The West Hollywood Blondes was a professional wrestling tag team consisting of Lenny Lane and Lodi. During their later careers in World Championship Wrestling, they were billed as "brothers". The team formed in 1999 as a parody of the original Hollywood Blonds. Their gimmick saw them entering the ring wearing glitter and licking Blow Pops. In the ring, they also devised a unique stalling vertical suplex, flying crossbody combination. After being removed from television by Turner Broadcasting System Standards and Practices, the team briefly reformed as Standards and Practices, a satirical reference to the S&P of Turner, before disbanding in 2000.

==History==

===World Championship Wrestling===
In June 1999 Lenny approached Lodi and stated "They're not doing much with me and they're not doing much with you. Why don't we form a tag team?" Lane had been inspired by a Saturday Night Live vignette featuring "The Ambiguously Gay Duo". WCW management were initially reluctant, but booker Kevin Nash approved the idea, and Lane and Lodi were renamed The West Hollywood Blondes (as opposed to the more famous Hollywood Blonds, "Stunning" Steve Austin and Brian Pillman). The West Hollywood Blondes were implied to be homosexuals, wearing pink trunks emblazoned with large pink triangles (a symbol of the gay community) and with Lane sporting pigtails, facial glitter and a lollipop. Controversially, the West Hollywood Blondes were later revealed to be brothers. The West Hollywood Blondes were an effective heel tag team, though they rarely won matches.

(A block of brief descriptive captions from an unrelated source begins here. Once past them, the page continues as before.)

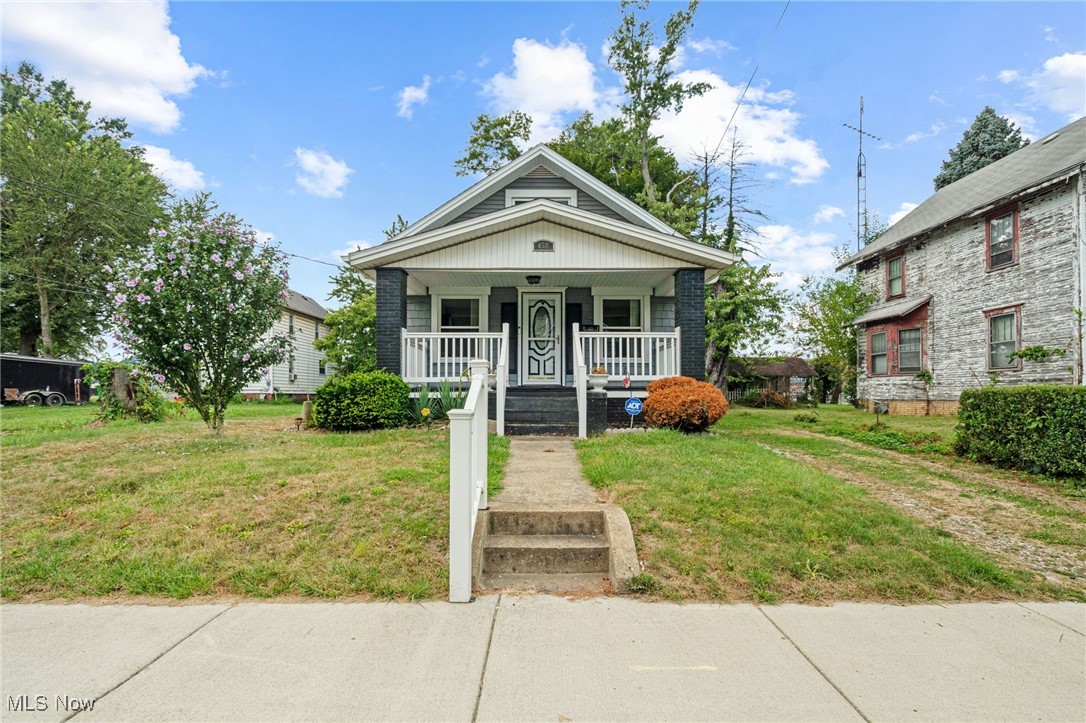 Welcome to this charming and well-maintained 2-bedroom home featuring 1 1/2 baths, ideal for comfortable everyday living and sweet curb appeal. You will appreciate all of the updates throughout, including a newer roof less than 3 year old, furnace and central air system replaced in 2015, and updated electric. In addition the windows, hot water heater and vinyl siding were all updated in the last 5 years! Step inside to find new flooring throughout, and an updated galley-style kitchen complete with a decorative tile backsplash, stove, and refrigerator. Additional highlights include a new front door, glass block basement windows, and a spacious 2-car detached garage. A handicap-accessible ramp is also in place and can stay if needed. Blending practicality with value, this home is move-in ready and waiting for you!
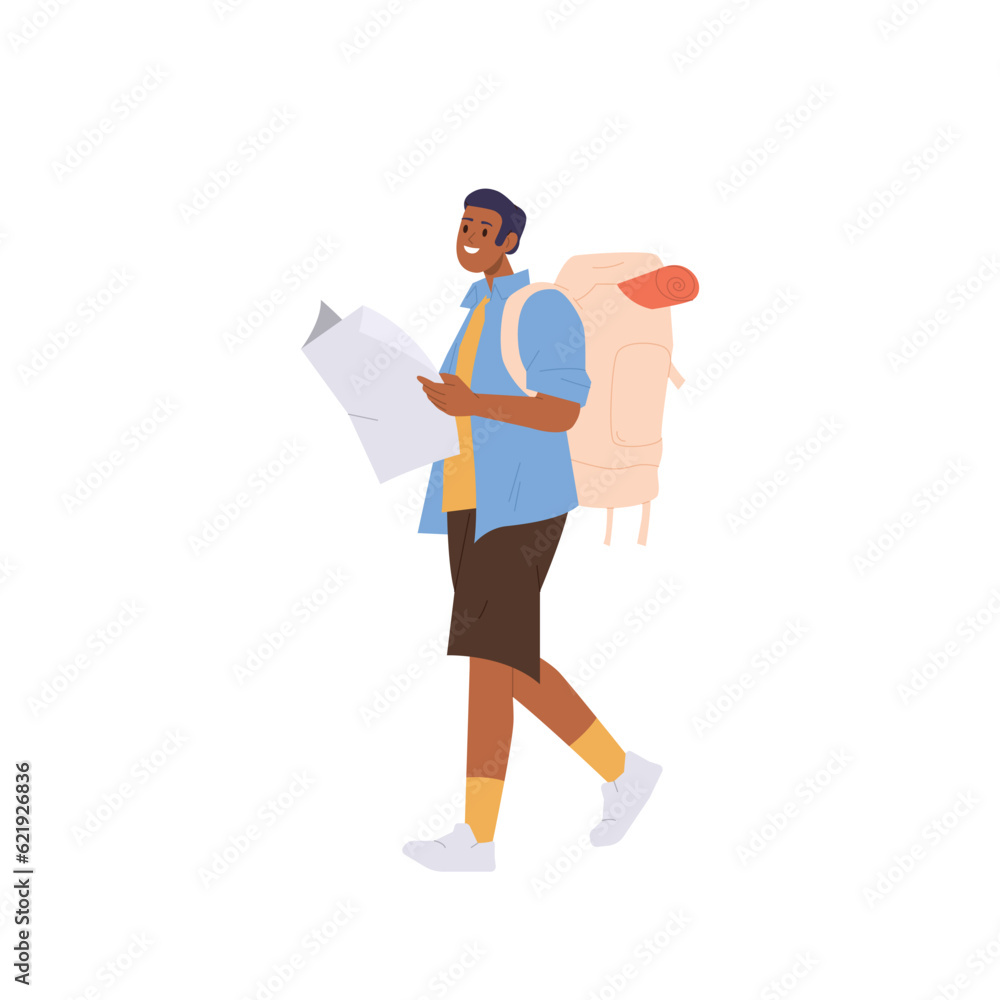 Smiling young man traveler with backpack holding paper map walking isolated on white background Smiling young man traveler with backpack holding paper map walking isolated on white background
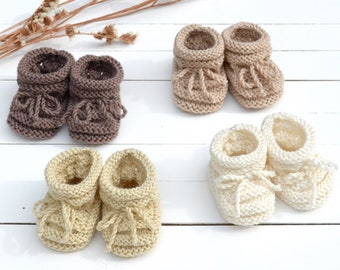 Knitted baby booties . Gender neutral new parents gift from grandmother . Pregnant sister gift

In an upset victory, Lane defeated Rey Mysterio, Jr. on the August 19 episode of WCW Thunder in Lubbock, Texas to win the WCW World Cruiserweight Championship. With the assistance of Lodi, he defended the title successfully throughout the next six weeks. On the October 4 episode of WCW Monday Nitro, Psychosis was announced as having defeated Lane for the World Cruiserweight Championship at an unspecified house show. Lane had already been set to lose the title to Disco Inferno that night, but WCW management was worried about a possible incident. Lane didn't appear that night and Psychosis defended and lost the title to Disco instead.

The West Hollywood Blondes were taken off television in the same month following protests from the Gay and Lesbian Alliance Against Defamation, who threatened to organize a boycott of WCW, claiming that "The character of Lenny is presented with the intention to incite the crowd to the most base homophobic behavior" and "the audience's reaction [to Lenny Lane and Lodi being physically attacked by other wrestlers] gives permission to viewers to do harm to gay people in a very literal way."

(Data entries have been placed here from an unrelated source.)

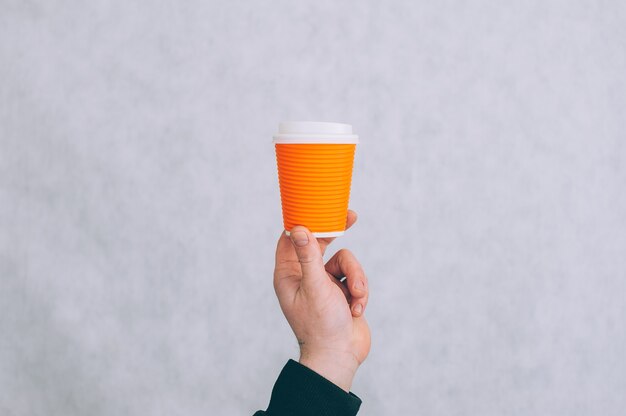 Un hombre sostiene una maqueta de una taza de papel para café y té en una luz.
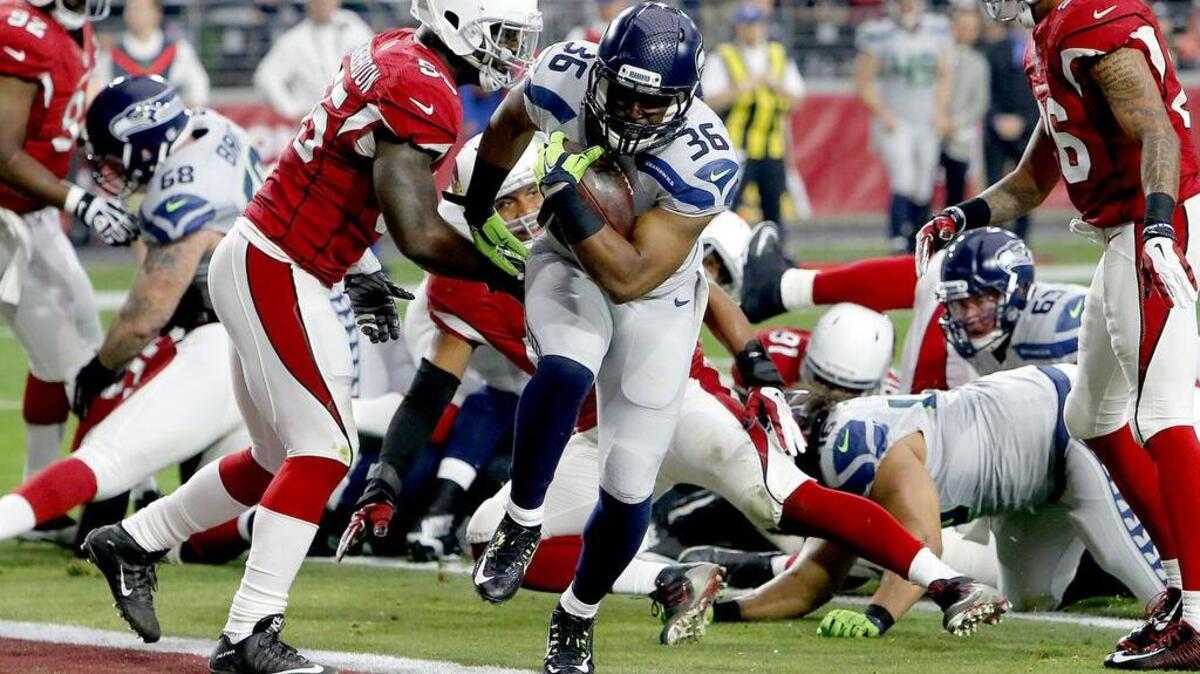 Seattle running back Bryce Brown (36) scores a touchdown in the first half against Arizona Sunday. The Seahawks’ offensive line opened run lanes all game.
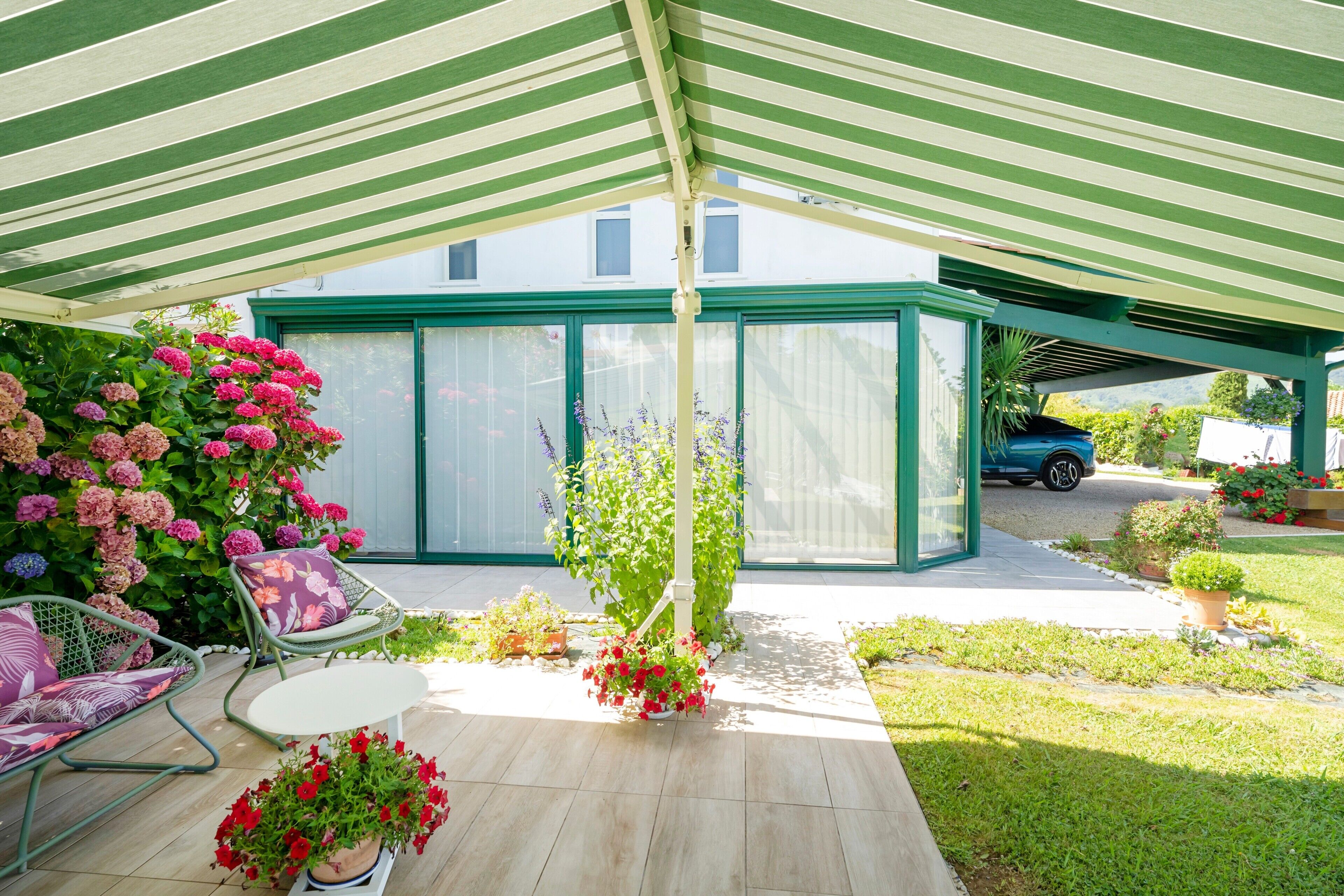 Een overdekt terras met een groen en wit gestreept dak, een glazen omheining met groene lijst en een zithoek met een witte tafel en stoelen.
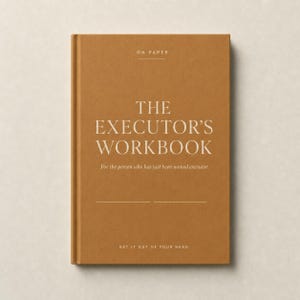 Puede incluir: Un libro de tapa dura de color beige titulado The Executor's Workbook. La portada presenta el texto ON PAPER en la parte superior, el título principal en letras blancas grandes y el subtítulo For the person who has just been named executor. GET IT OUT OF YOUR HEAD está en la parte inferior.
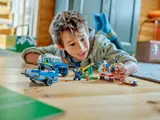 Child playing with LEGO police dog set.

They returned as "Standards and Practices", a censorious duo who opposed the "adult themes" present in WCW. In a drastic departure from their previous appearance, they wore designer suits, carried briefcases and were accompanied by a secretary, Miss Hancock. She would often stand in the ring or on the announcers table and do a sultry dance. This would distract not only their opponents but Lenny and Lodi as well. Miss Hancock later left Lenny and Lodi, and Standards and Practices became simply XS until their departure from WCW in 2000. Lane briefly reappeared for a short feud with The Wall, but was released once more.

===Reformation===
They were set to reunite for the debut of NWA Total Nonstop Action under their West Hollywood Blondes gimmick as the "Rainbow Express" with manager Joel Gertner, but Lodi suffered a neck injury and was replaced by Bruce.

Lenny and Lodi both made appearances for World Wrestling Allstars later on in their careers. They reunited in TNT Pro Wrestling in 2005 and 2006.